The RMIT School of Accounting is an Australian university business school located in Melbourne, Victoria, which is responsible for undergraduate and postgraduate education and research in accounting at RMIT University. The School was established in 1943 and its name was changed to the School of Accountancy (later Accounting) in 1948.

== History ==
The first accountancy classes at RMIT were taught by A. G. Robinson, an accountant in private practice, who had conducted evening classes at his offices since the early 1930s to prepare students for the examinations of the various accountancy institutes of the time (predecessors to the Australian Society of Accountants; now CPA Australia). In 1934, Robinson approached the President of the Melbourne Technical College (as RMIT was then known), Frank Ellis, to transfer his existing classes to the college. Robinson began teaching classes at the college in March 1935 and by the end of 1936 had graduated over 40 qualified accountants.

Following an objection to this arrangement by the Victorian Department of Education in 1941, E. J. Edwards was then placed in charge of teaching accountancy at the college. Edwards established a Department of Commerce in 1943, which was advertising classes in managerial and industrial organisation and accountancy by September that year. A four-year diploma course in accountancy was developed in 1944, which admitted graduates to the Commonwealth Institute of Accountants, and was administered by the college and the institute. The department's name was changed to the School of Accountancy in 1948 due to the majority of it studies being in that field.
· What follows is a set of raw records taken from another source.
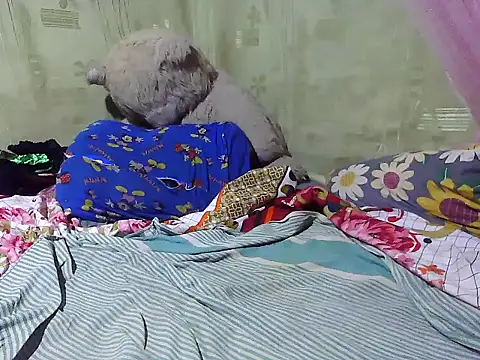 Snapshot of Alora-shine chatting on 03-22-25, 02:36 Alora-shine online show from 03-22-25, 02:36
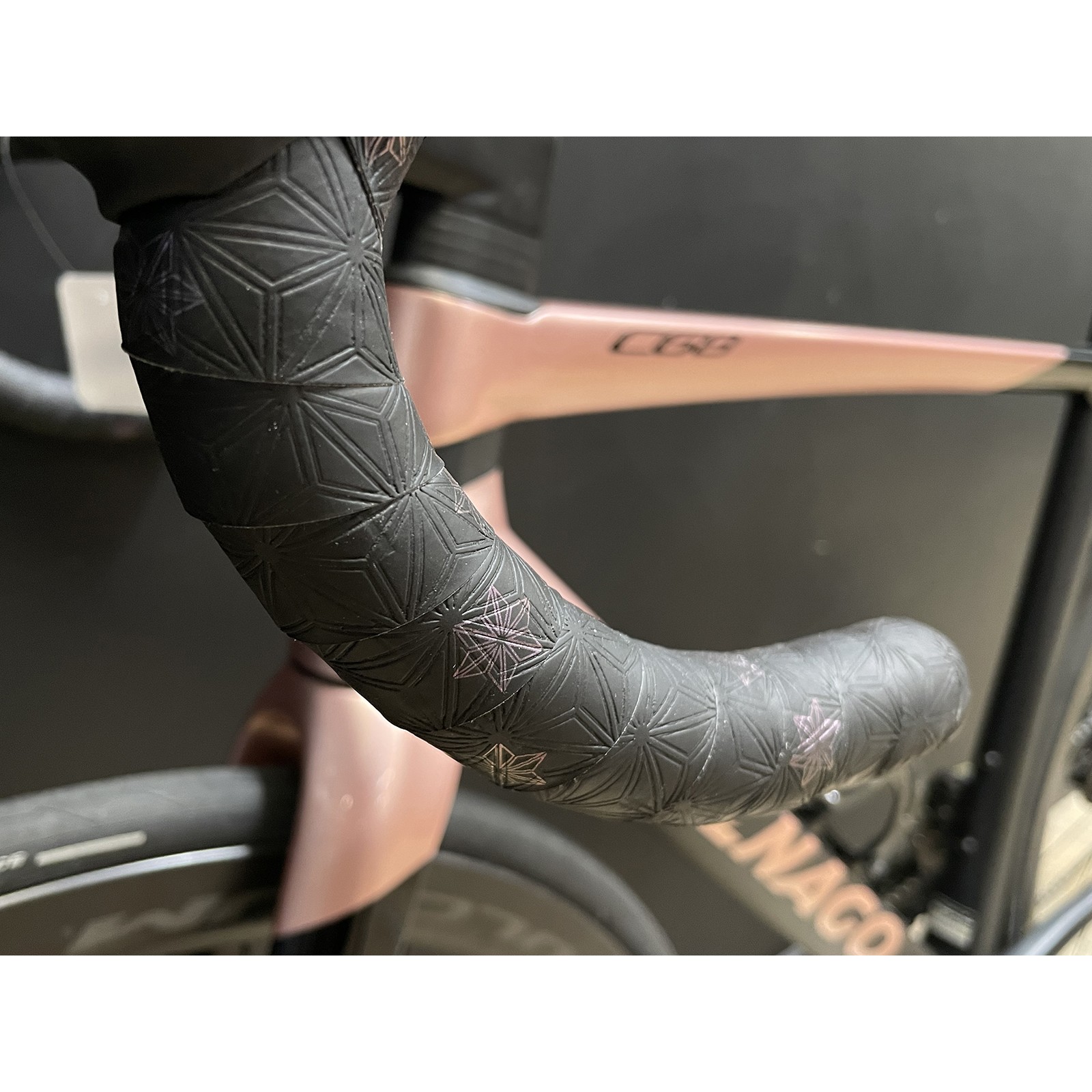 Bicicleta de carretera usada Colnago C68 Dura-Ace Di2 de 12 velocidades, talla S 48.5 (altura 53.9 cm), año 2025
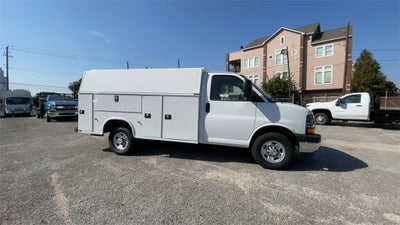 2025 Chevrolet Express Commercial Cutaway Work Van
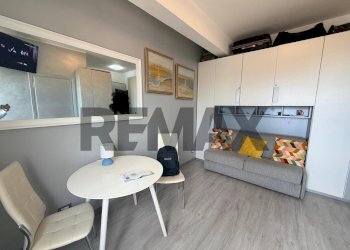 Sala da pranzo - Monolocale Lungomare delle sirene
 
179, Pomezia - foto 2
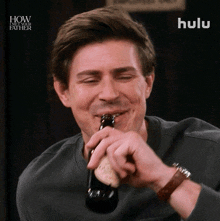 Drinking Jesse GIF - Drinking Jesse How I Met Your Father GIFs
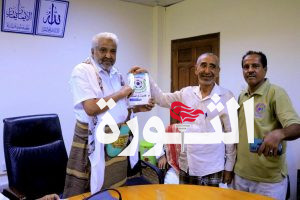 المحافظ قحيم يتسلم كتاب “المشهد الرياضي لكرة القدم بمدينة الحديدة” من رئيس نقابة الصحفيين بالحديدة
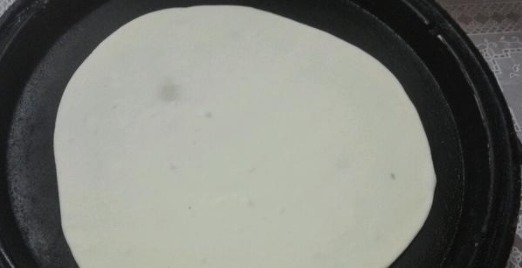 小侄儿来家里,给他们做了这道菜,刚上桌,儿子和他抢着吃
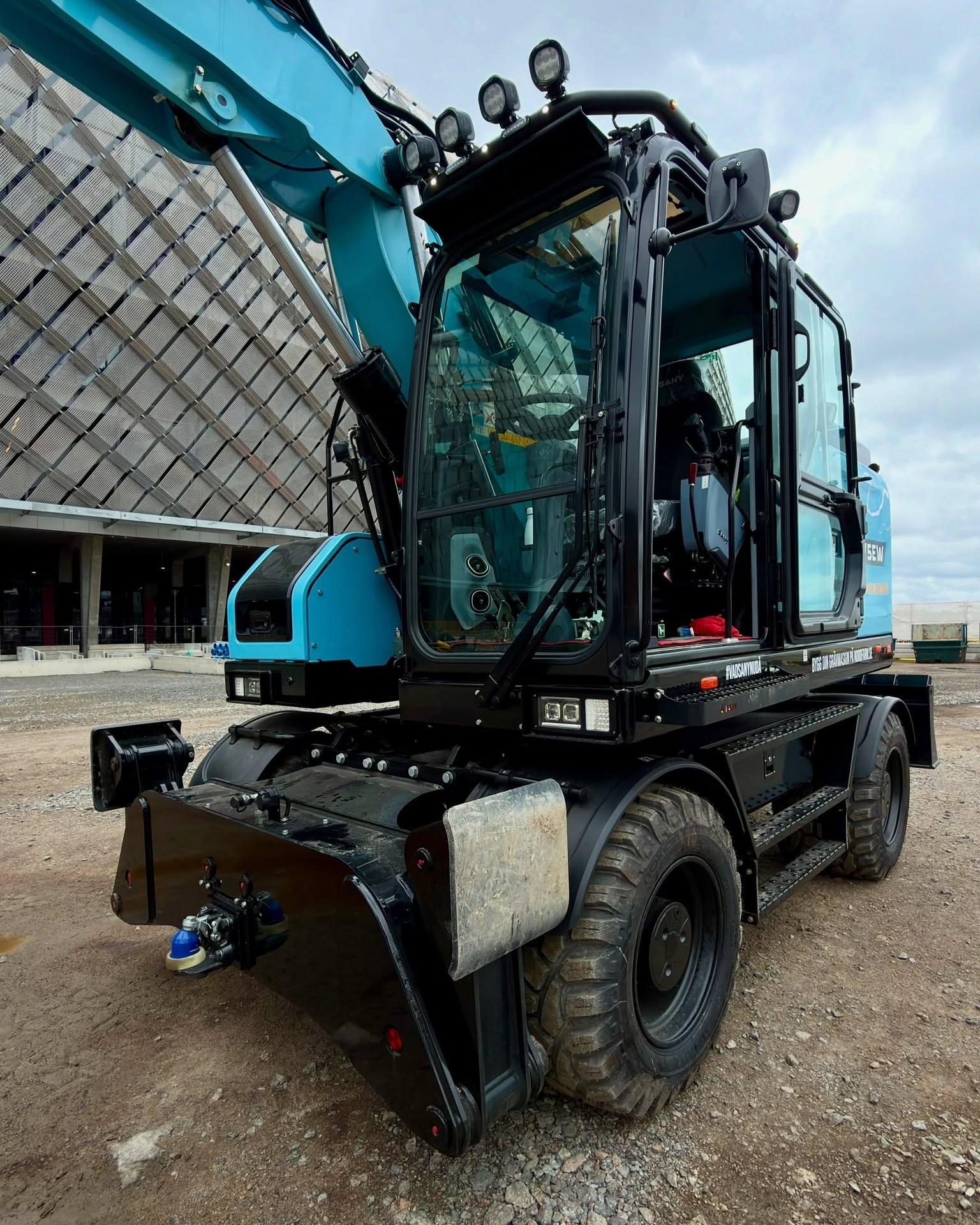 máy xúc bánh lốp điện sy175ew
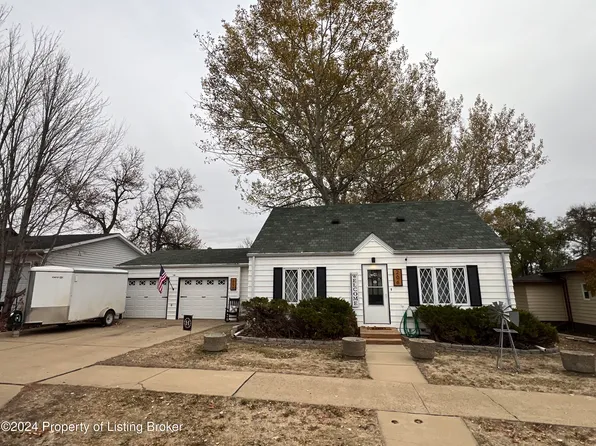 206 3rd St NE, Belfield, ND 58622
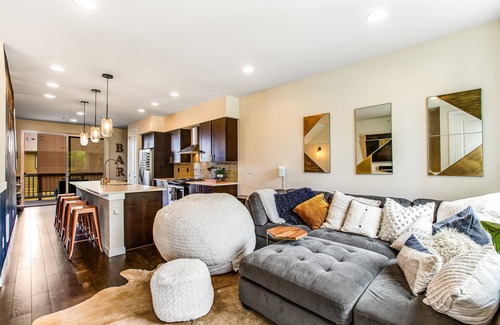 White Center Casa | Three-story townhome with gas firepit & patio - near West Seattle & ferries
During this time the department grew rapidly and, by 1948, had an enrolment of 1525 students in its accountancy diploma as well as its preparatory classes for the examinations of the Bankers' Institute of Australasia, Chartered Institute of Secretaries, Companies Auditors' Board and Municipal Auditors' Board. In 1952, the various accountancy institutes of the time, including the Commonwealth Institute of Accountants, amalgamated to form the Australian Society of Accountants and introduced a new joint examiner's board at the School which later served as a model for other schools in Victoria as well as other states of Australia.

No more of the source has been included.